**WHAT YOU HAVE TO DO:**
Using the listing below, give again exactly the lines from the line with "Anja Döring mit" to the line with "Mid Century Anrichte", inclusive, without the pictures.

**TASK MATERIAL:**

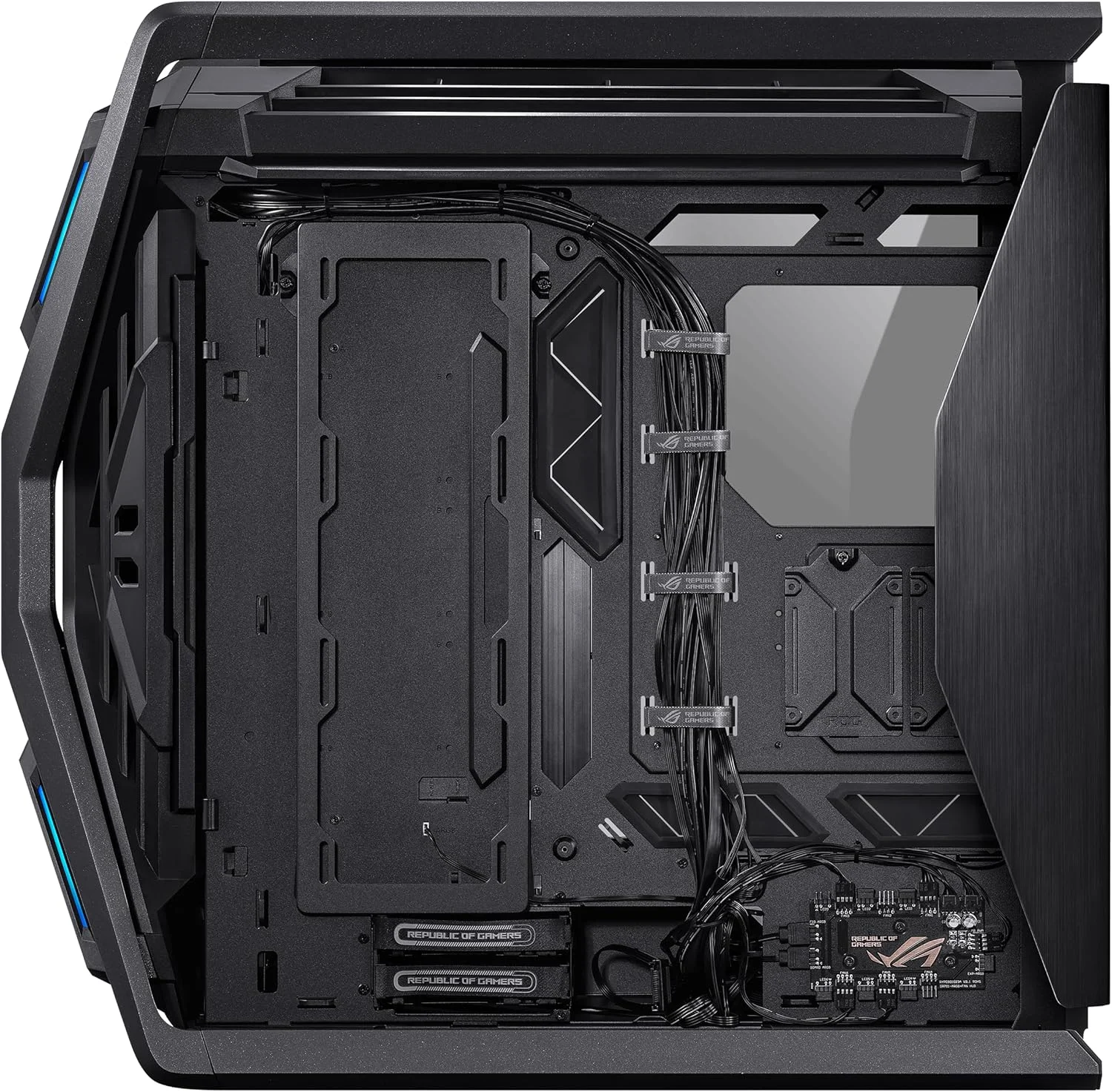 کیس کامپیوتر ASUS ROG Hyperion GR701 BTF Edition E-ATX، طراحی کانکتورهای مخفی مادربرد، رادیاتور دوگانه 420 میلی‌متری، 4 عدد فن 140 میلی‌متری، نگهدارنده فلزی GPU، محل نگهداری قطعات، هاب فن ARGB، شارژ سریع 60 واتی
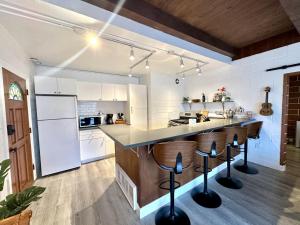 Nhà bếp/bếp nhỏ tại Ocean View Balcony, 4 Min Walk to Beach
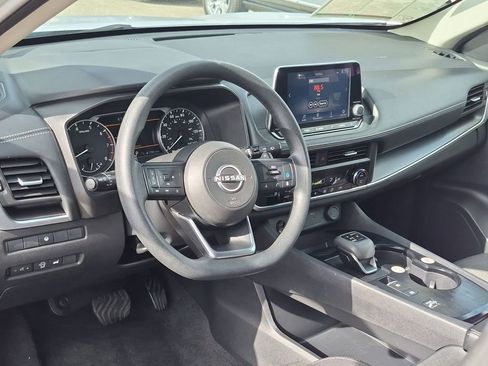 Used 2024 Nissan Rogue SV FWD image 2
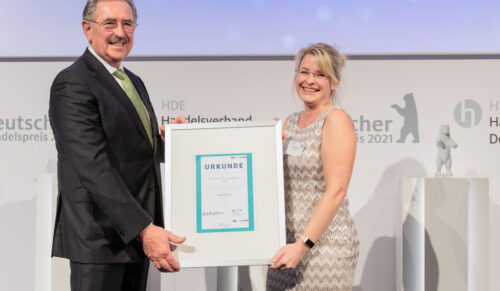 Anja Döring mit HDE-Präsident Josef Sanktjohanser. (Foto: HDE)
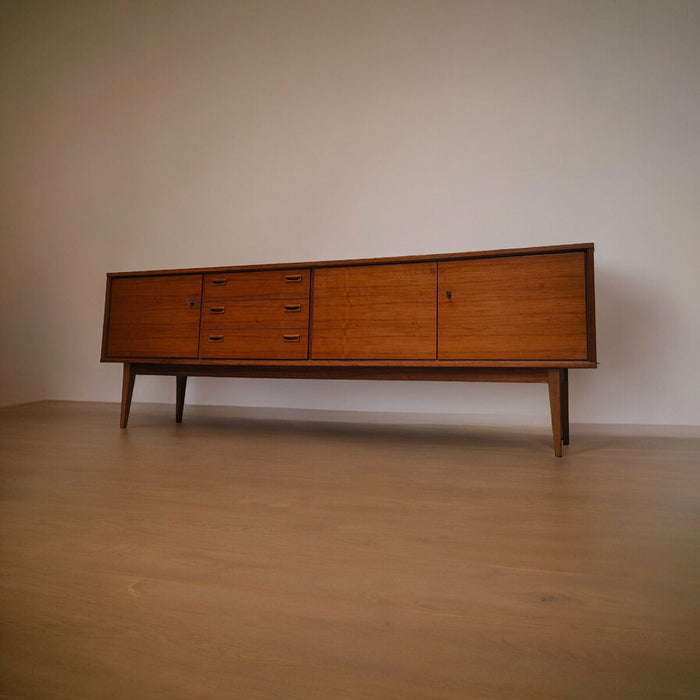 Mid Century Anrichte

* * *

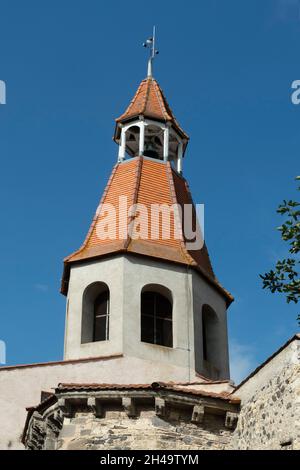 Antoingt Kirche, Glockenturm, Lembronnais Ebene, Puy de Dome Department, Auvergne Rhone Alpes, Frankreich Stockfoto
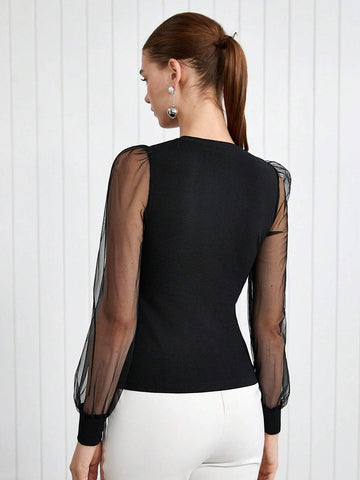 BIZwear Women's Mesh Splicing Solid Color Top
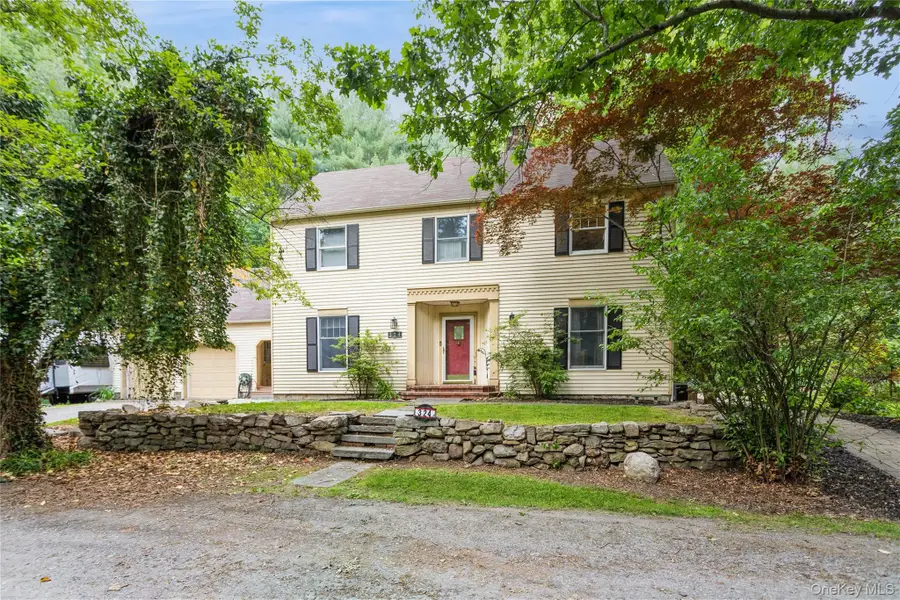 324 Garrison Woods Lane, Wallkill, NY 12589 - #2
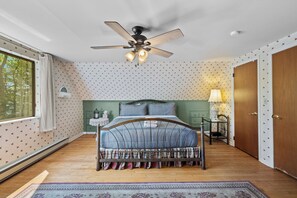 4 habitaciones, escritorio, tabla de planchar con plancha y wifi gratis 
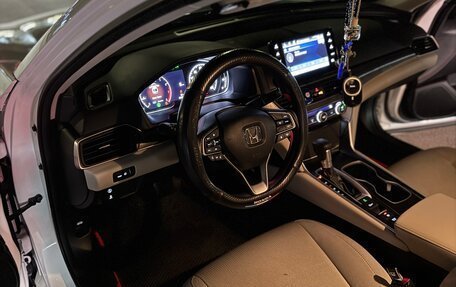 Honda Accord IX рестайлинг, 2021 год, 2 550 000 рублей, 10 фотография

* * *

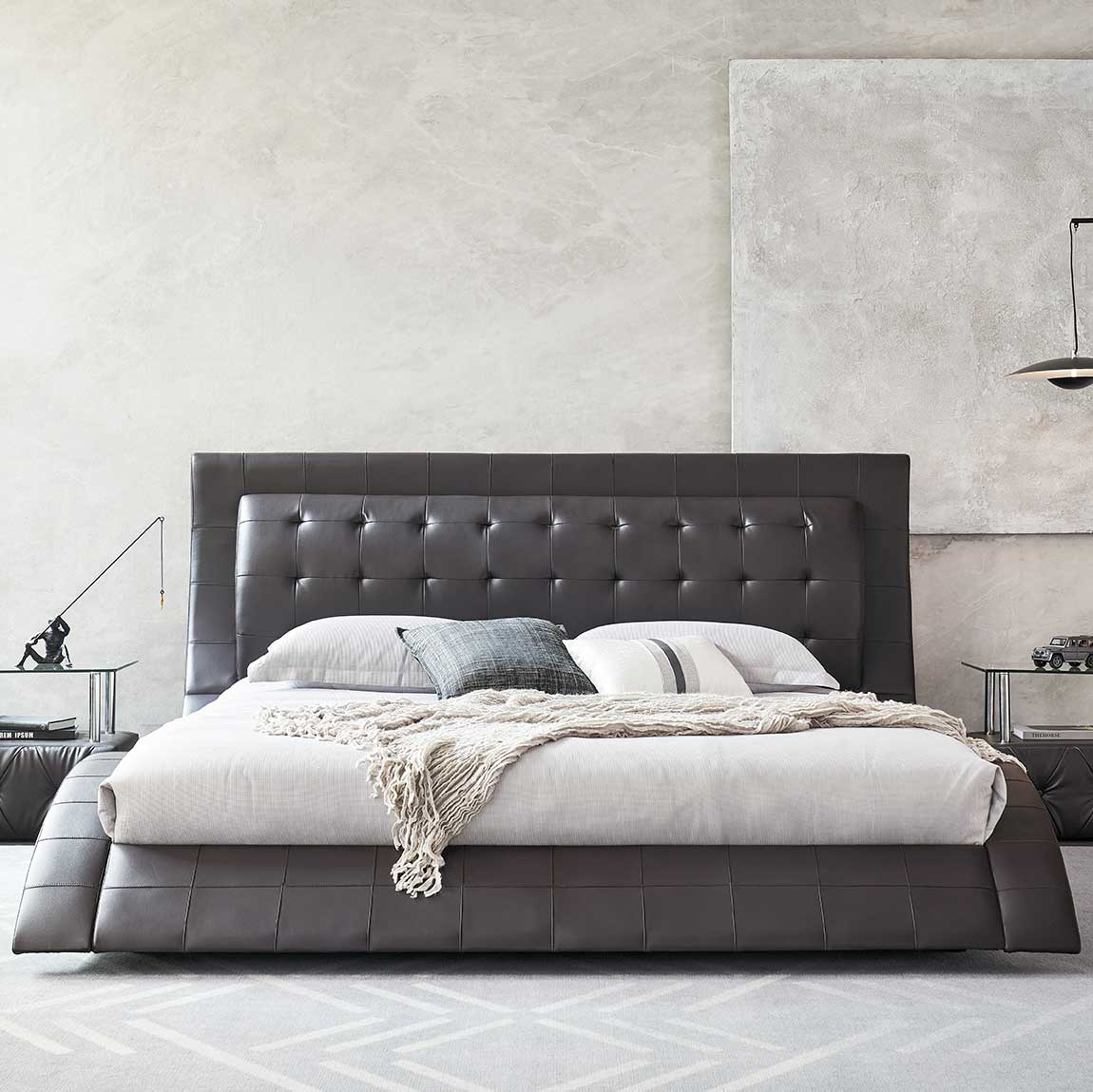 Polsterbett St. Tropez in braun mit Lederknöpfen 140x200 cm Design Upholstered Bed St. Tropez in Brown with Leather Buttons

**RESPONSE TO THE EXERCISE:**
 Anja Döring mit HDE-Präsident Josef Sanktjohanser. (Foto: HDE)
 Mid Century Anrichte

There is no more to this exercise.